Iran rejects Trump warning after Baghdad embassy protests

Pro-Iranian demonstrators withdraw after violence at US embassy in Iraq

Pro-Iranian militiamen and their supporters set a fire during a sit-in in front of the US embassy in Baghdad, Iraq, on New Year’s Day. Photograph: AP

Pro-Iranian militiamen and their supporters set a fire during a sit-in in front of the US embassy in Baghdad, Iraq, on New Year’s Day. Photograph: AP


US-Iran tensions escalated on New Year’s Day as Iran’s supreme leader Ayatollah Ali Khamenei dismissed US president Donald Trump’s tweet that Iran would pay a “big price” for violent demonstrations outside the US embassy in Baghdad.

Mr Khamenei responded: “You can’t do anything. If the Islamic Republic decides to challenge and fight, it will do so unequivocally.”

In an attempt to contain the situation, Iraq’s paramilitary Popular Mobilisation Forces urged supporters protesting against US air strikes on pro-Iranian fighters to withdraw from their camp at the edge of the embassy compound. The coalition of mainly Shia militias issued the call when demonstrators threw stones at the heavily fortified compound and Iraqi security forces fired tear gas to disperse the crowd. All but 200 demonstrators left. Late on Wednesday night the remaining protesters withdrew.

On Tuesday hundreds threw petrol bombs and rocks into the compound and breached the outer wall to protest against Sunday’s US air raids on Iraqi military bases which killed 25 members of Kataeb Hizbullah, a prominent Shia militia with representation in a powerful parliamentary faction.

The US strikes were in retaliation for the death of a US contractor during rocket attacks on Iraqi bases hosting US forces. Iraq’s caretaker prime minister Adel Abdel Mahdi, who resigned in November, has condemned US strikes as a violation of the country’s sovereignty but can do little or nothing to halt rocket attacks on US personnel or curb the US use of air power. The US deployment of 5,200 troops in Iraq and Iran’s call for full US withdrawal from Iraq has put the government between a rock and a hard place.

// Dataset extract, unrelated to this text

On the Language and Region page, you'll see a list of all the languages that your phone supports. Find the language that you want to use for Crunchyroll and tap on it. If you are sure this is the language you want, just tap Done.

Poor services and unemployment

In Baghdad’s Tahrir Square, protesters slammed the violent assault on the embassy. While they do not adopt pro-US positions and eschew US backing, the protesters demand an end to Iranian influence in Iraq, ouster of the Shia funda- mentalist-dominated government, and overthrow of the sectarian system of governance. Ironically, Iran’s regional antagonist, the US imposed on Iraq the sectarian polity which has given Iran a leading role in Iraq since the 2003 US occupation. Protesters complain that this regime produces mismanagement, corruption and a lack of services and jobs.

The protesters have also suffered at the hands of Iran’s allies. Since their uprising began on October 1st, the mainly Shia demonstrators who have taken to the streets and squares in Baghdad and the Shia-majority south have been arrested, beaten and shot by Iraqi security forces and pro-Iran Shia militiamen who seek to preserve the regime and protect Iran’s role in Iraqi affairs. At least 521 have been killed and 17,000-20,000 wounded.